• **Records for this exercise**
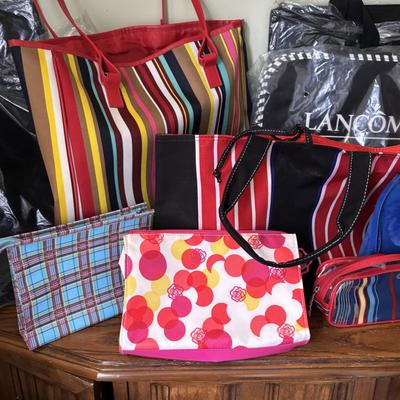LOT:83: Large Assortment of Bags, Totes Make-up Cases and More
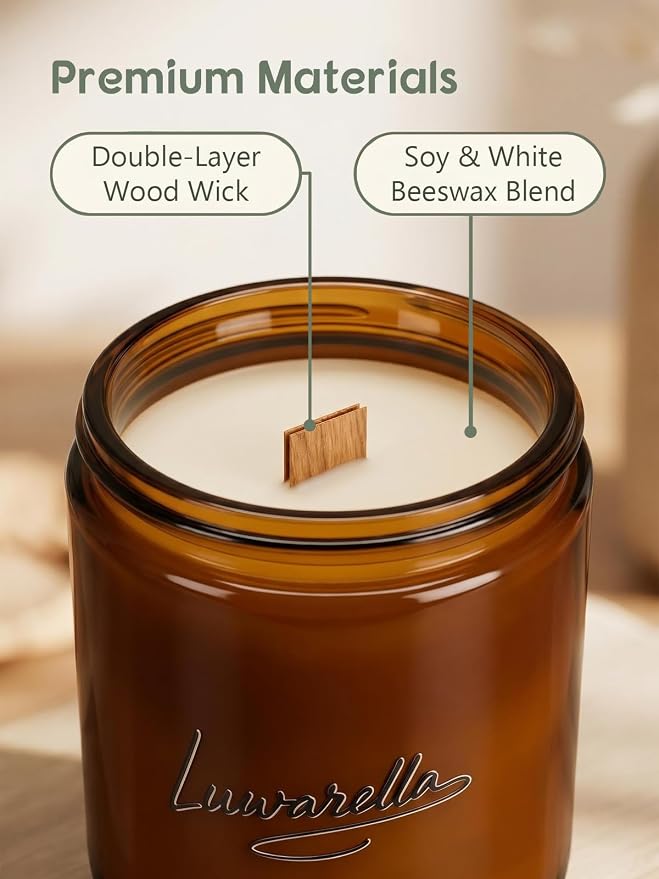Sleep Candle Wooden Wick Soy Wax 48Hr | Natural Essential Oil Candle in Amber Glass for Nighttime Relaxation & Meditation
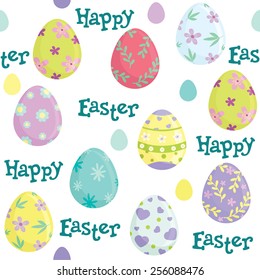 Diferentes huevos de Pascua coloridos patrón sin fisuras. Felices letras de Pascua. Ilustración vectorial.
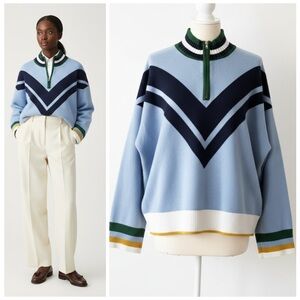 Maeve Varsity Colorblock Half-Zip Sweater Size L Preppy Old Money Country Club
* * *
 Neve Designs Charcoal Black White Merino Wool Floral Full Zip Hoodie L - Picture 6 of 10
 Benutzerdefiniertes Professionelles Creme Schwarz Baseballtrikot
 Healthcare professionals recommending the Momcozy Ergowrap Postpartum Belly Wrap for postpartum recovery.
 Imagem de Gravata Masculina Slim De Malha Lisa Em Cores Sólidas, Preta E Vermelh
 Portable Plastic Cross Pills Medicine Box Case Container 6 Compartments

• **Task instructions**
Now transcribe the lines above exactly, starting at the line containing "Sleep Candle Wooden" and ending at the line containing "Maeve Varsity Colorblock", both lines included, pictures excluded.

• **Reply**
Sleep Candle Wooden Wick Soy Wax 48Hr | Natural Essential Oil Candle in Amber Glass for Nighttime Relaxation & Meditation
 Diferentes huevos de Pascua coloridos patrón sin fisuras. Felices letras de Pascua. Ilustración vectorial.
 Maeve Varsity Colorblock Half-Zip Sweater Size L Preppy Old Money Country Club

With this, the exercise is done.